Assignment
Pull out every line below that holds the word "chart".
☆ ☆ ☆
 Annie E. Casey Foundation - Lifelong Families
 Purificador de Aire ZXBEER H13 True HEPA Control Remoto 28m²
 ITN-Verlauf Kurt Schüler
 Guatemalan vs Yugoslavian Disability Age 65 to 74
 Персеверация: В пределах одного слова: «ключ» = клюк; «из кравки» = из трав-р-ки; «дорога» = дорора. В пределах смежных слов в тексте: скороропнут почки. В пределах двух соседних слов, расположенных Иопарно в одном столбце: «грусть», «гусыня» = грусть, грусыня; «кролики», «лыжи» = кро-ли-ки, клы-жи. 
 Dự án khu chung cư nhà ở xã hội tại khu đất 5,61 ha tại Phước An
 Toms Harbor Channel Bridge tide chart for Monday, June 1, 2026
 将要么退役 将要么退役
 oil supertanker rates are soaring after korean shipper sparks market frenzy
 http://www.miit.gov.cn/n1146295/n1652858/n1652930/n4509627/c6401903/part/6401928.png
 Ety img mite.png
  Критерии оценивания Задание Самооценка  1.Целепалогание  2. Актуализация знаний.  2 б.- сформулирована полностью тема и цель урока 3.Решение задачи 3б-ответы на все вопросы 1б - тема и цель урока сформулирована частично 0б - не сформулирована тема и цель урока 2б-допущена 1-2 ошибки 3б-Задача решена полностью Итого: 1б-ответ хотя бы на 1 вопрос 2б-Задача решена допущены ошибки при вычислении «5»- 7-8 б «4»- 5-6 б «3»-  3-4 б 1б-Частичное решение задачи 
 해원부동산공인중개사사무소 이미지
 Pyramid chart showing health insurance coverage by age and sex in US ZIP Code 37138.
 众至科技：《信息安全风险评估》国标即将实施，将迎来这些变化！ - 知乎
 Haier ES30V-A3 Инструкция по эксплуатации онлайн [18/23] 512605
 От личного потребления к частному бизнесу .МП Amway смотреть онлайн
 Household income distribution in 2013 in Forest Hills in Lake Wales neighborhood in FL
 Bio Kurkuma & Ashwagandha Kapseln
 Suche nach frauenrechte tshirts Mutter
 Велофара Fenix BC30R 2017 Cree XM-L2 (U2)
☆ ☆ ☆
Exercise answer
 Toms Harbor Channel Bridge tide chart for Monday, June 1, 2026
 Pyramid chart showing health insurance coverage by age and sex in US ZIP Code 37138.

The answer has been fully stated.